Barack Obama's rightward drift in recent weeks has hardly gone unnoticed or unrewarded. What's most fascinating about his efforts to appeal to the American center is the extent to which Obama, as a constitutional law professor and Harvard Law Review president, has repeatedly chosen the Bill of Rights as his vehicle for doing so. It's not an overstatement to say that in the past month Obama has tugged the First, Second, Fourth, and Eighth amendments to the center. Not a day goes by, it seems, without a constitutional wink to the right on guns (he thinks there is an individual right to own one), the wall of separation between church and state (he thinks it can be lowered), the Fourth Amendment prohibition on warrantless wiretapping (he's changed his position on FISA), and on the death penalty for noncapital child rape cases (he thinks it's constitutional) as well as a possible shift this week on the right to abortion (which could further limit the reach of Roe v. Wade). Such accommodations are not all unexpected. Some of these positions (like his stance on capital punishment) have long been a part of his unorthodox constitutional thinking. Others (such as the hair-splitting on guns) are politically expedient. Nor are such nuanced views unwelcome. Obama is well aware that the ways in which liberals talk about the Constitution are sometimes mired in 1960s mushiness and feel-goodery that no longer resonates with the American public.
But Obama appears to be compromising on the wrong constitutional issues while backing away from fights on the right ones. A liberal re-examination of constitutional philosophy need not involve a capitulation to conservative values. Obama can certainly move to the right on gun-control policy or support a limited death penalty if politics demand that he do so. But he should not, in so doing, shift to the right on the Constitution itself.
Consider the fact that Obama spent the final days of the Supreme Court term celebrating conservative constitutional outcomes rather than calling out dubious conservative methodology. Who was better situated to chide the court's conservatives for what sure seems to be an activist ruling that saved Exxon $2 billion in damages stemming from the Valdez oil spill? Just as Obama was reiterating his support for guns (certainly a tenable liberal position these days), he was missing an opportunity to turn the conversation to another 5-4 case decided that day—in which the court struck down the so-called millionaire's amendment—an important part of the McCain-Feingold campaign-finance law. That case was a constitutional minefield for John McCain: His dream judges ruled an important portion of his most significant legislative accomplishment unconstitutional. But all we heard were crickets chirping in Chicago.

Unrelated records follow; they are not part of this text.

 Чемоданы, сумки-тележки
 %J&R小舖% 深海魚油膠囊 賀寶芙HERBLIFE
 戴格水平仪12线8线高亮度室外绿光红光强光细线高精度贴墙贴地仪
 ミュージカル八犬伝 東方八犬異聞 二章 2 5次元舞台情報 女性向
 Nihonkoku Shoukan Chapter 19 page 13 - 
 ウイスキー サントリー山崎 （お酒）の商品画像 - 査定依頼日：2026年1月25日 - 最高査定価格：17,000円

Obama also needed to do far more than he did to highlight McCain's shocking assertion that the court's ruling in the Guantanamo detainees' case was one of the "worst in the nation's history." As George Will effectively chronicled, that was a patently ridiculous statement that revealed a deep misunderstanding of both the law and the courts. Had Obama directly addressed McCain and—by extension—McCain's model judges on that issue, it would have gone a long way toward assuring Americans that in his administration the Bill of Rights will not be a luxury reserved only for the sunny days.

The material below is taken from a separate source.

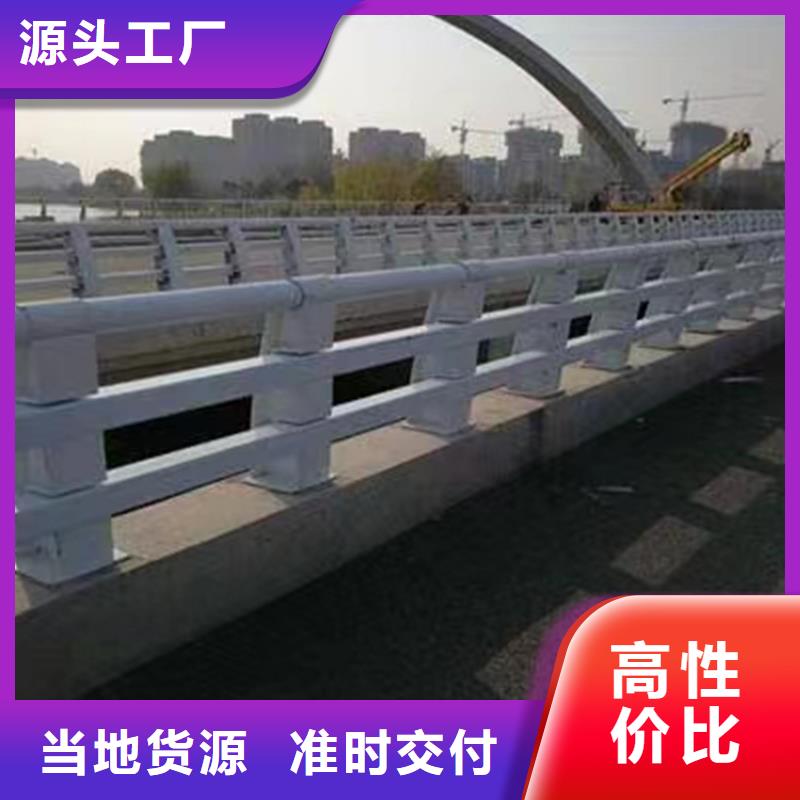 桥梁栏杆生产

But perhaps the most important fight over the Constitution facing Obama is not about the Constitution itself, but over the composition of the Supreme Court. McCain has signaled that he plans to campaign hard on the issue—taking numerous opportunities to excoriate "judicial activists" and promise more jurists like Chief Justice John Roberts and Samuel Alito. McCain pledges that he wants to appoint only judges who would "strictly interpret the Constitution of the United States" (whatever that means). And Obama should welcome this debate; it's one he should win hands down, but he won't be able to capitalize on his strengths unless he can change the way progressive candidates talk about judging and the Supreme Court.

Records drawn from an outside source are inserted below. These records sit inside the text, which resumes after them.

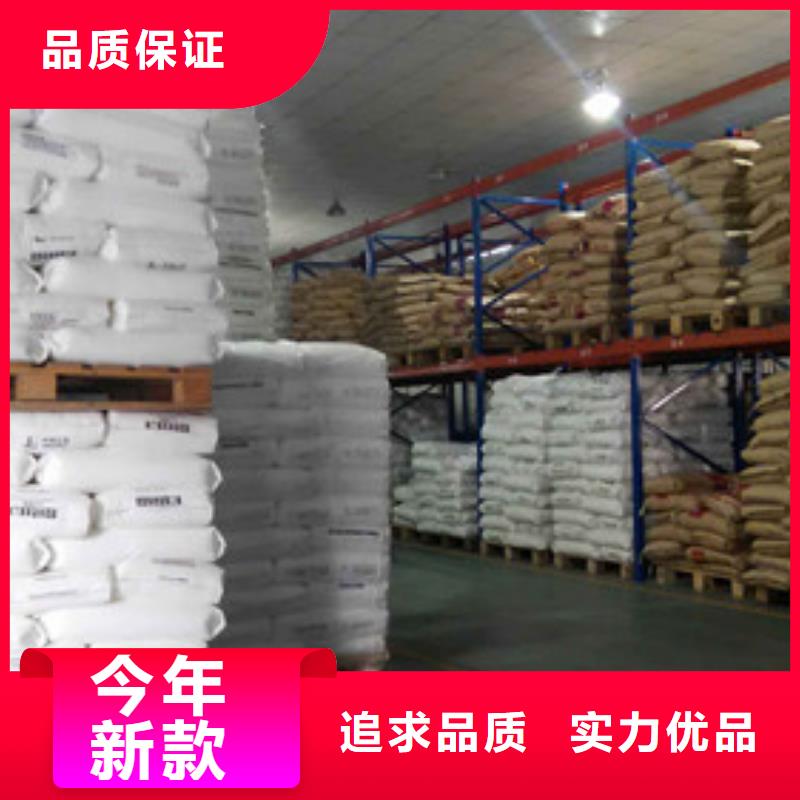 聚丙烯酰胺氧化镁厂家十分靠谱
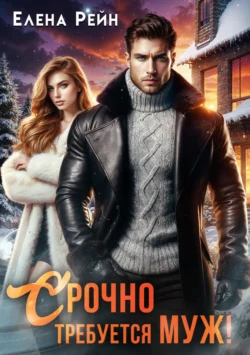 Срочно требуется муж! Елена Рейн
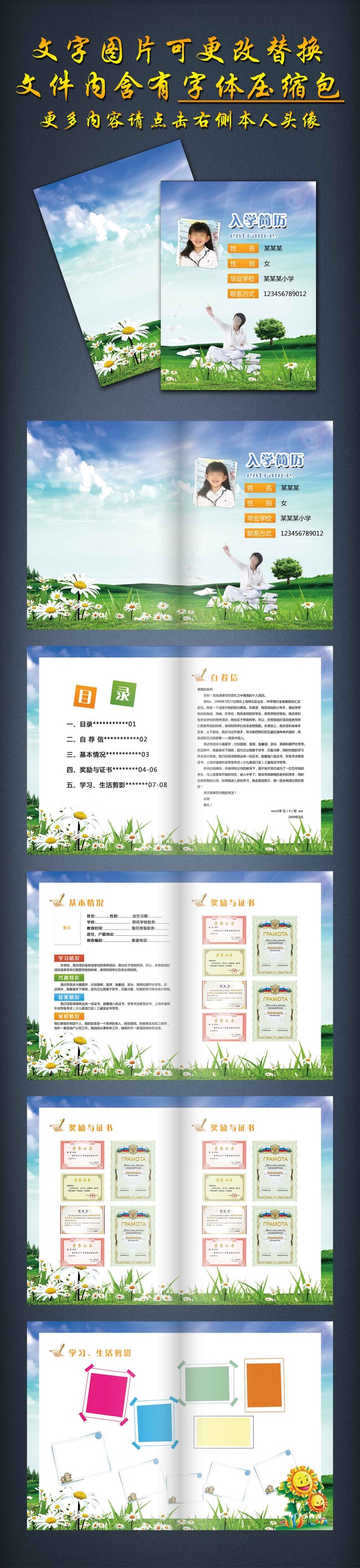 小升初简历模板下载图片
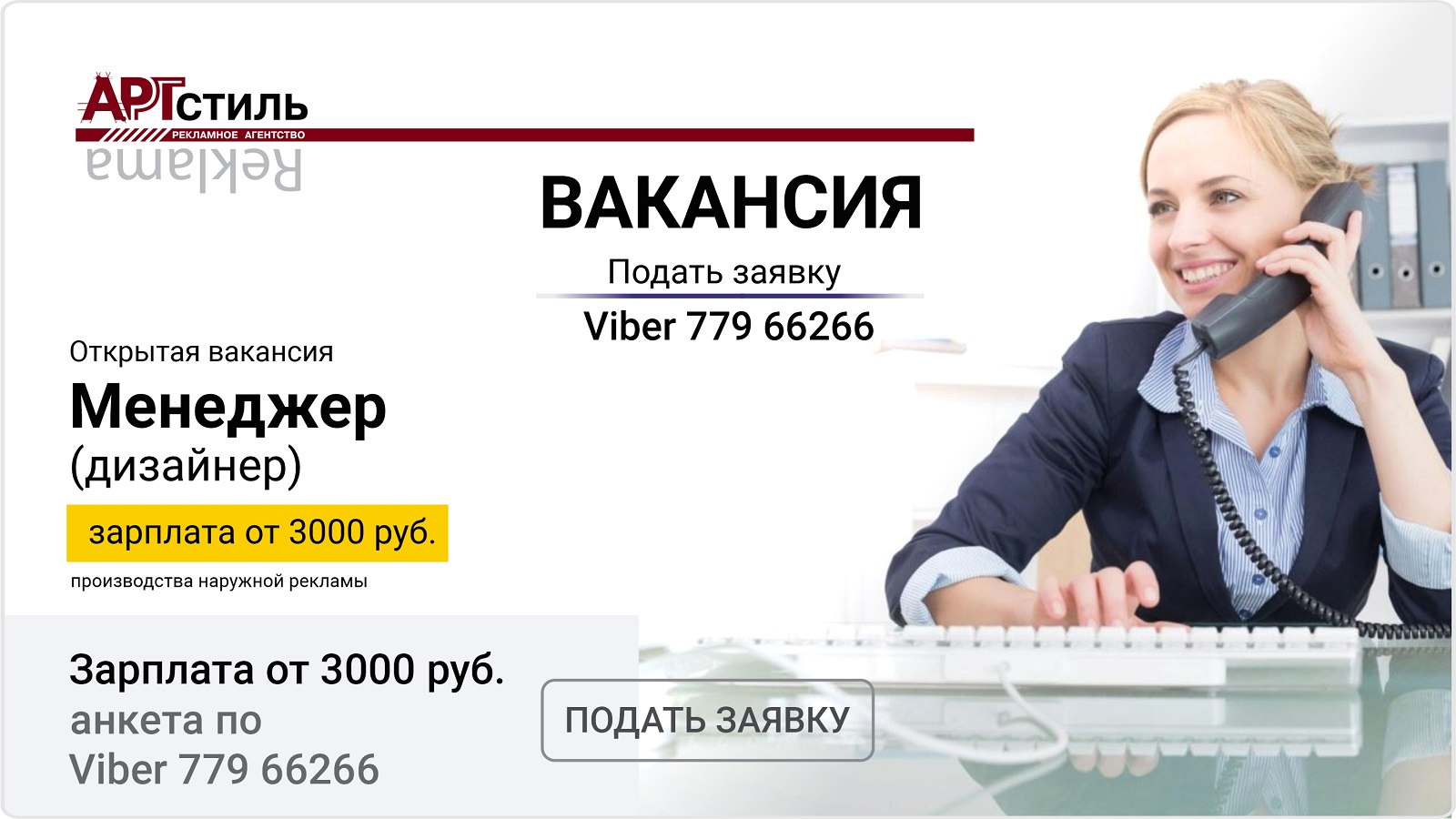 Хочешь хорошо заработать: Вакансии в рекламном агентстве города Тирасполь Менеджер-дизайнер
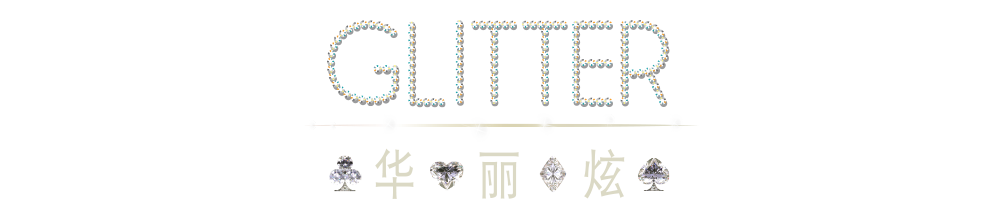 Glitter in Macau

Obama's scattered statements so far on his philosophy for appointing Supreme Court justices instantly reveal the problem. In response to one of McCain's stemwinders on liberal activist judges, Obama started with the boilerplate argument that he will nominate judges who are "competent and capable" and who "interpret the law." So far, so good. He then shifted to "those 5 percent of cases or 1 percent of cases where the law isn't clear." In those cases, Obama asserted, judges must rely on "his or her own perspectives, his ethics, his or her moral bearings," and thus he wants judges who are "sympathetic enough to those who are on the outside, those who are vulnerable, those who are powerless, those who can't have access to political power, and, as a consequence, can't protect themselves from being—from being dealt with sometimes unfairly, that the courts become a refuge."